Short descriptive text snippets
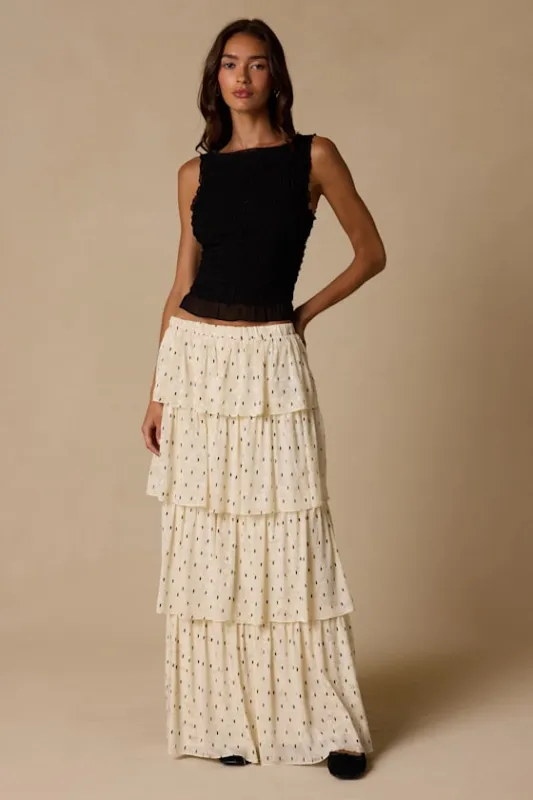 Deedee Ivory Polka Dot Tiered Maxi Skirt made by Lulus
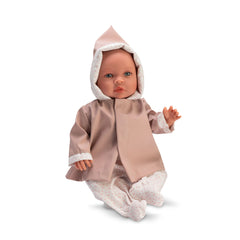 ASI Dolls Leo wearing a pink raincoat and floral pajamas, sitting with an arm raised, featuring expressive eyes.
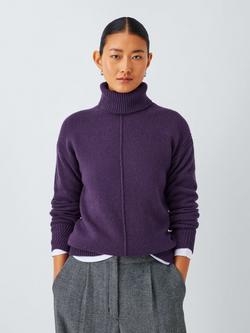 John Lewis Donegal Wool Blend Roll Neck Jumper, Grape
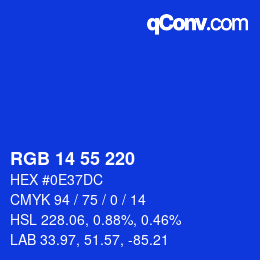 Color code: RGB 14 55 220 | qconv.com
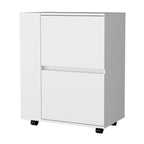 26" White Wood Rolling Bar Cart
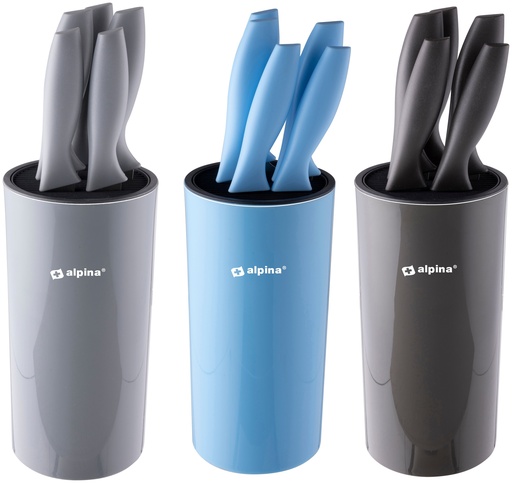 [871125219016] ALPINA Knife Holder with 5 Knives 10.5x22cm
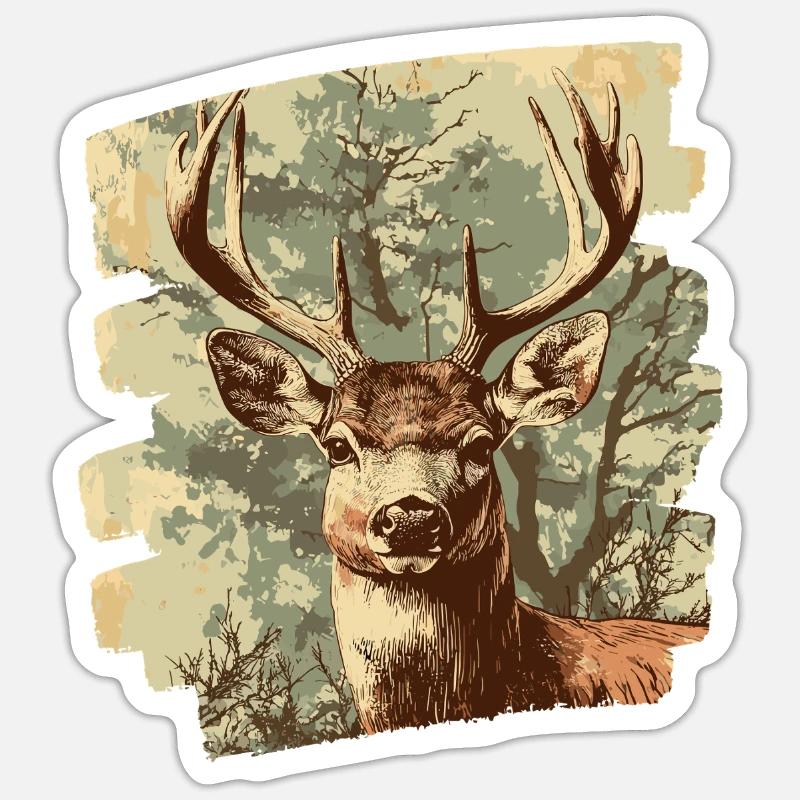 Cerf avec bois - Sticker taille S (10 x 10 cm) - blanc mat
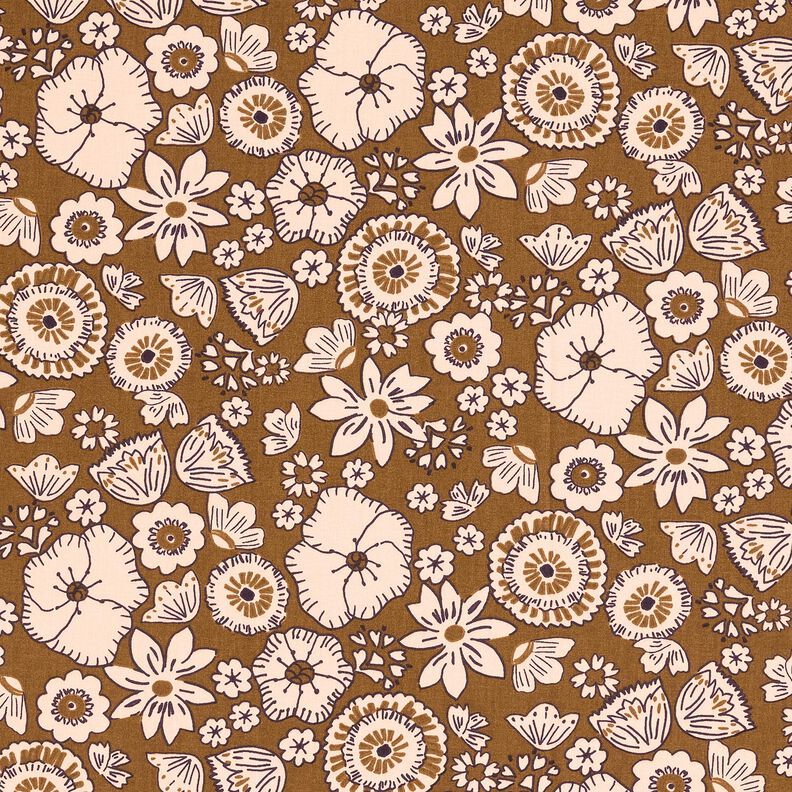 Puuvillakangas Kretonki Retrokukat &ndash; oliivi/ruusunpunainen,  image number 1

[INSTRUCTIONS TO FOLLOW] Reproduce exactly, without any picture, the lines from the one bearing "[871125219016] ALPINA Knife" to the last line of the records above.

[ANSWER TO THIS EXERCISE]
 [871125219016] ALPINA Knife Holder with 5 Knives 10.5x22cm
 Cerf avec bois - Sticker taille S (10 x 10 cm) - blanc mat
 Puuvillakangas Kretonki Retrokukat &ndash; oliivi/ruusunpunainen,  image number 1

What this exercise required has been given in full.